Case Study 1: This test is done to make sure there is enough insulation between the live portions of the meter and the body of the meter to prevent against electric shock.

In case the energy meter malfunctions during the 10 kV Impulse test, following observation made after the test:

A dysfunctional display after performing the impulse test.
No pulse is produced from the Energy meter after performing the Impulse test.
Meter accuracy exceeds the limit after performing the Impulse test.
Affected power supply circuit.

Root cause analysis:

After testing we found black marks on PCB, so we can identify the shortest current path for 10kV impulse.
After test, we can analyse the failed PCB to trace the failure path by tracing the carbon spot carefully. See a small dot in marked area and damaged components.
The shortest creepage is marked with a red arrow. So for the first time, failure was observed on this path.
When we resolve this, the second-lowest creepage is marked by black.
When we resolved both paths, the third-lowest creepage path was marked in blue.
We can see that a slot is provided for increasing creepage, but its calculation is not done properly, and it is decreasing creepage instead of increasing it through components used in the second layer.

Figure 8 – Small dot in marked area and damaged components…

Solution:

Measurement circuits used in the energy Meter should have a higher current/pulse rating or adequate isolation.
Besides the components used for protection, PCB layout is very important to comply with immunity.

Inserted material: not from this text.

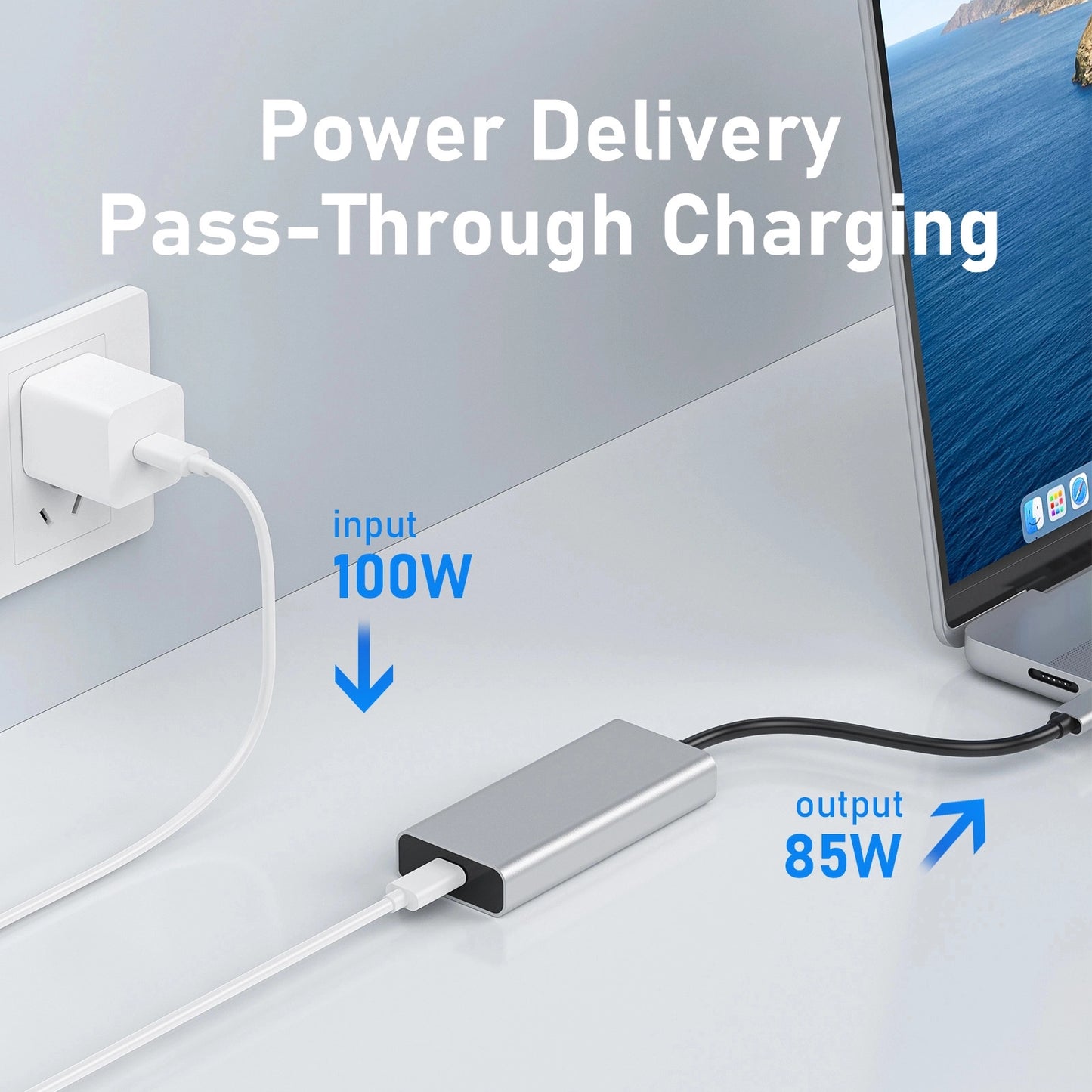 Broway 5 Port USB C Hub 10Gbps for Laptop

If adequate creepage and clearance are not maintained in the PCB layout, then the energy meter will fail. Here we will discuss such practical examples.
Follow the thumb rule to provide 1 mm of clearance for 1 kV between circuits where impulse will be applied. If clearance is less than the above criteria, a slot can be provided to increase creepage. But its calculation should be done properly from all directions.
If the slot calculation is incorrect, it may also increase failure. In this case, we see that the slot reduced the creepage from second-layer components.
We resolved all three issues, and now the PCB is passing the 10KV impulse test.

Case Study 2: After the impulse test, meter’s accuracy is found to be -33%. On further investigation it is noticed that meter’s one phase supply is not working properly.

Root cause analysis:

The three-phase meter has a -33% meter error. This suggests that a single-phase circuit is compromised.
When the impulse voltage was applied, the protective device that was being used to clamp the impulse signal across the meter’s input was pierced. In the wake of the impulse voltage test, the meter’s accuracy is -33%.

Solution:

The components used for protection in energy meter must be of adequate rating to withstand impulse voltage.
In energy Meters, components like wire wound resistors and Varistors are used for surge/impulse protection at the input stage.
Use appropriate components, e.g., wire-wound resistors or Varistors, at the input stage.

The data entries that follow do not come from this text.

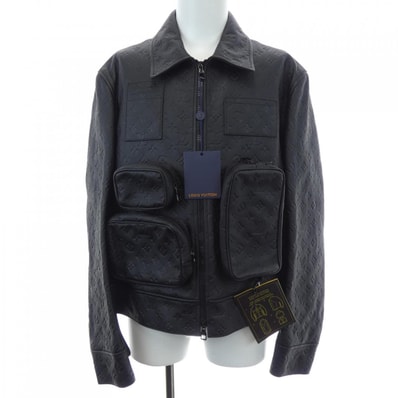 ルイヴィトン LOUIS VUITTON モノグラムエンボスユティリティジャケット HIL46EQXS レザージャケット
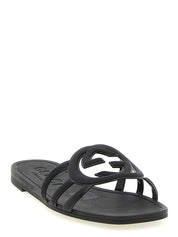 Gucci Black Rubber Slides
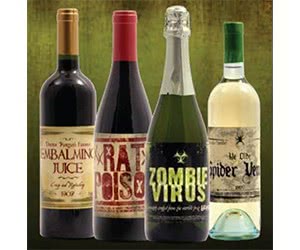 Free Halloween Wine Bottle Stickers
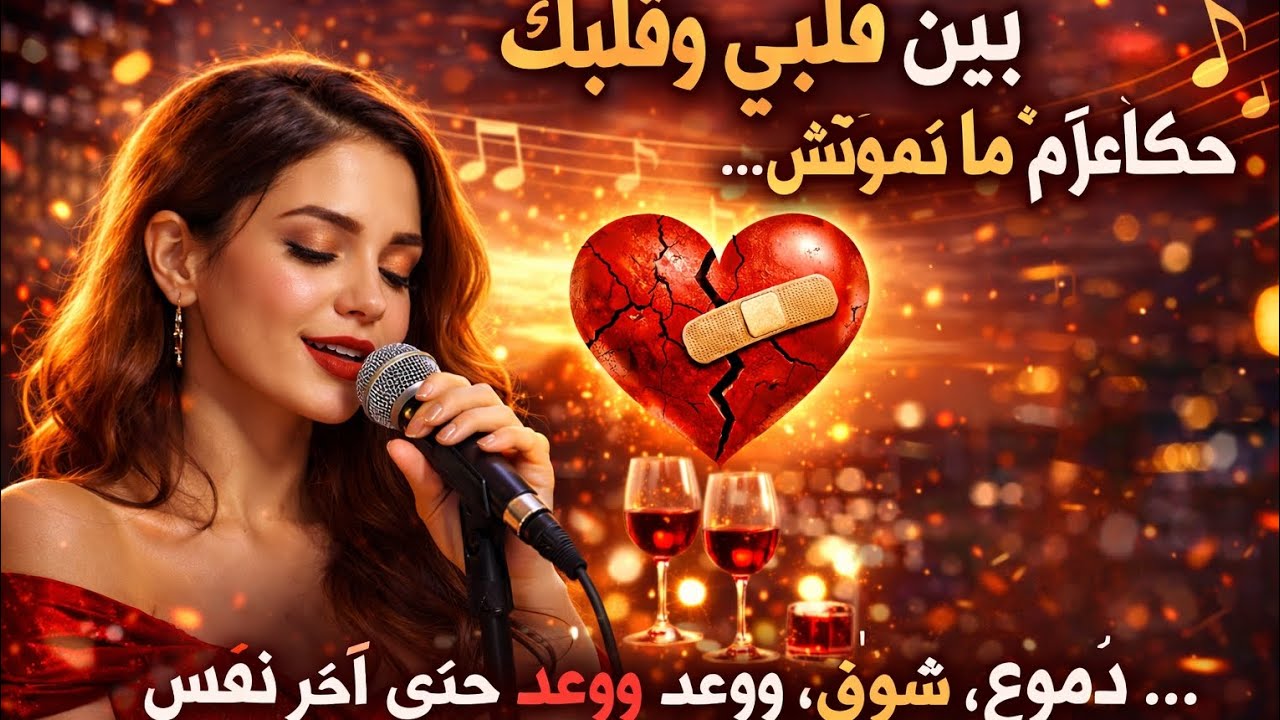 بين قلبي وقلبك حكاية غرام ما تموتش… دموع، شوق ووعد حب حتى آخر نفس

Some failure cases of energy meters in the testing of insulating properties

Case 1: When the base of the meter was put on the conducting surface during the application of 4 kV High voltage, it was punctured because the groove supplied for the screw to fix the meter base and cover does not have sufficient insulation, or the insulation in this area is poor signs of failed insulation.
Case 2: Due to a wire connection between the nameplate and the neutral terminal, the meter cable failed. The name plate’s clearance from the meter’s housing was insufficient to sustain the 4 kV High voltage. Between the nameplate and the neutral is a wire.
Case 3: The meter sealing wire is in contact with the nameplate inside the meter. During testing, the sealing wire came into contact with the conducting foil wrapped around the meter, creating a conduit for leakage current. Nameplate and sealing wire flash over.

Conclusion

Energy meters’ total life span should be higher than that of typical consumer products, so their design must be durable. Impulse testing, which checks the insulation properties of the energy meter, is a crucial technique for testing energy meters. The test measures the energy meter’s resistance to voltage spikes to guarantee its dependability and safety. The energy meter is subjected to a high-voltage impulse during the test, and its behaviour in reaction to the impulse is examined. The test findings are used to determine whether the energy meter satisfies the requirements for dependability and safety.

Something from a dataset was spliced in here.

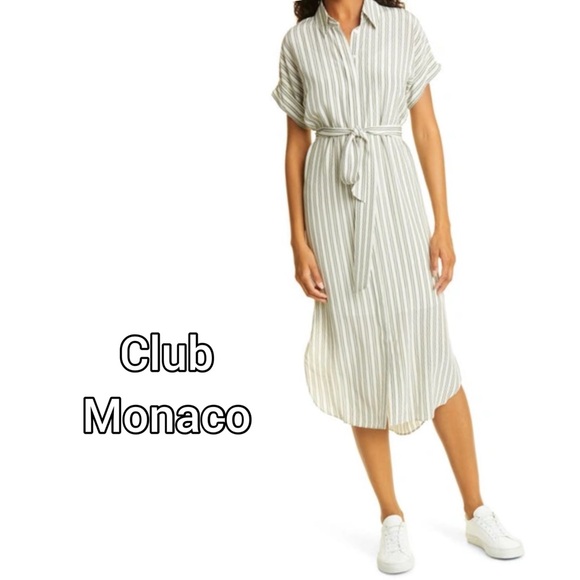 Club Monaco Dresses & Skirts - Club Monaco Tie Waist Silk Dress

Even though testing is thought to be arduous, expensive, and time-consuming, it is nonetheless crucial for determining the dependability of energy meters, to comprehend that little error made during the development and manufacturing processes fails meters.

Rishiraj Meena completed his graduation in Electrical Engineering from REC College Dausa (RTU) Kota, Rajasthan. Currently he is working as an Engineering Officer in the Energy Meter Testing Laboratory at CPRI, RTL, NOIDA, and have four years of experience in the field of testing and certification of energy meters.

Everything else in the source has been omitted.